- _Data extract_

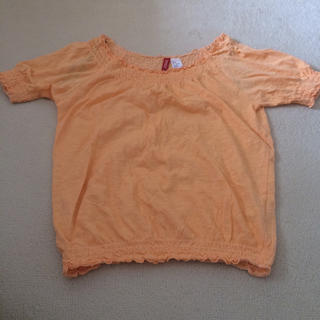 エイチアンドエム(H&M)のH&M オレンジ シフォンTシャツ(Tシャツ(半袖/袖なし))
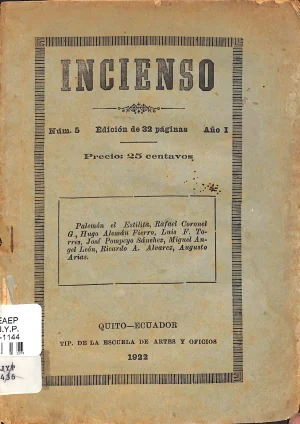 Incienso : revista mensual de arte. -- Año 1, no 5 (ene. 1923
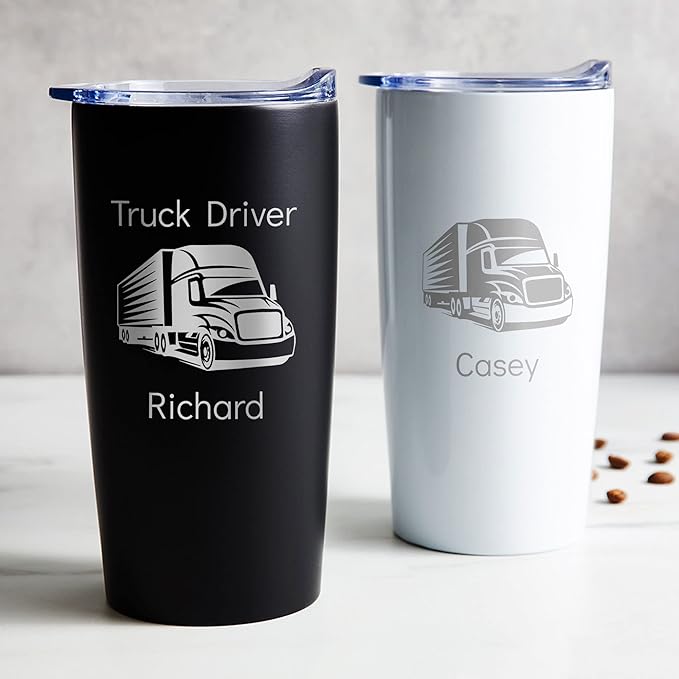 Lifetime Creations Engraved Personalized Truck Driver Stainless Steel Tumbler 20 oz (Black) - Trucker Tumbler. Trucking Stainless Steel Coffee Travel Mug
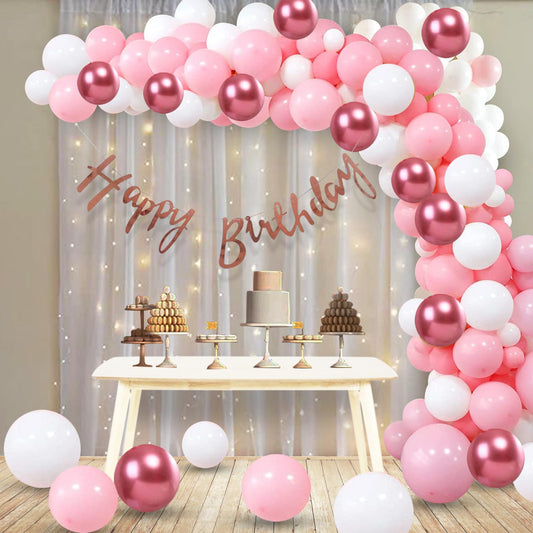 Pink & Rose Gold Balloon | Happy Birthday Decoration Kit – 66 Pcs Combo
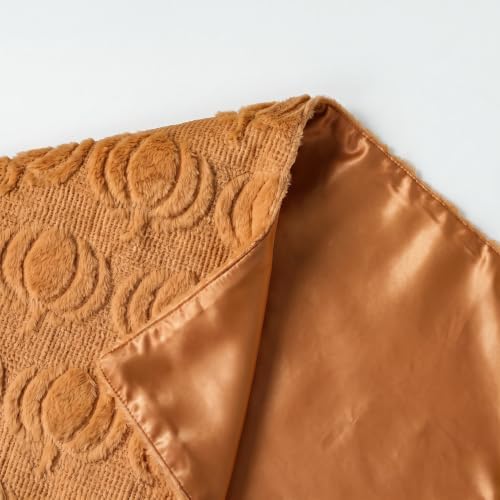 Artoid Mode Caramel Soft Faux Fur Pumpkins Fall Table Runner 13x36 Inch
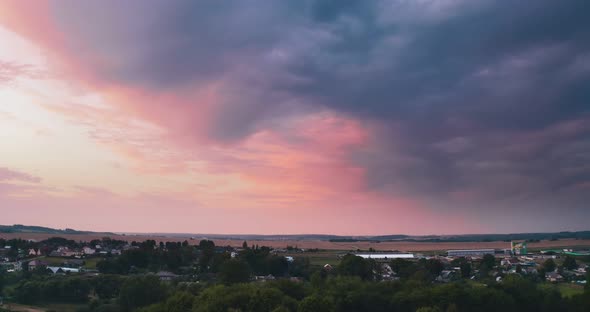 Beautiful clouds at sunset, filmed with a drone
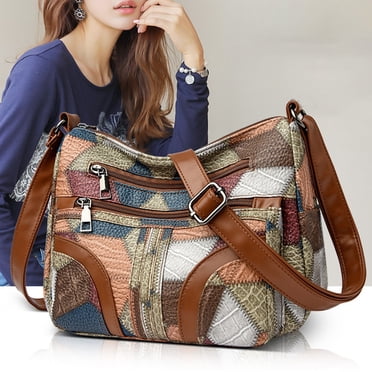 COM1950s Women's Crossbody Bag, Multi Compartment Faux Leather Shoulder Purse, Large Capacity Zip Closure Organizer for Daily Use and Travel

- _Required action_
Without any of the pictures, reproduce the listing above exactly.

- _Task output_
 エイチアンドエム(H&M)のH&M オレンジ シフォンTシャツ(Tシャツ(半袖/袖なし))
 Incienso : revista mensual de arte. -- Año 1, no 5 (ene. 1923
 Lifetime Creations Engraved Personalized Truck Driver Stainless Steel Tumbler 20 oz (Black) - Trucker Tumbler. Trucking Stainless Steel Coffee Travel Mug
 Pink & Rose Gold Balloon | Happy Birthday Decoration Kit – 66 Pcs Combo
 Artoid Mode Caramel Soft Faux Fur Pumpkins Fall Table Runner 13x36 Inch
 Beautiful clouds at sunset, filmed with a drone
 COM1950s Women's Crossbody Bag, Multi Compartment Faux Leather Shoulder Purse, Large Capacity Zip Closure Organizer for Daily Use and Travel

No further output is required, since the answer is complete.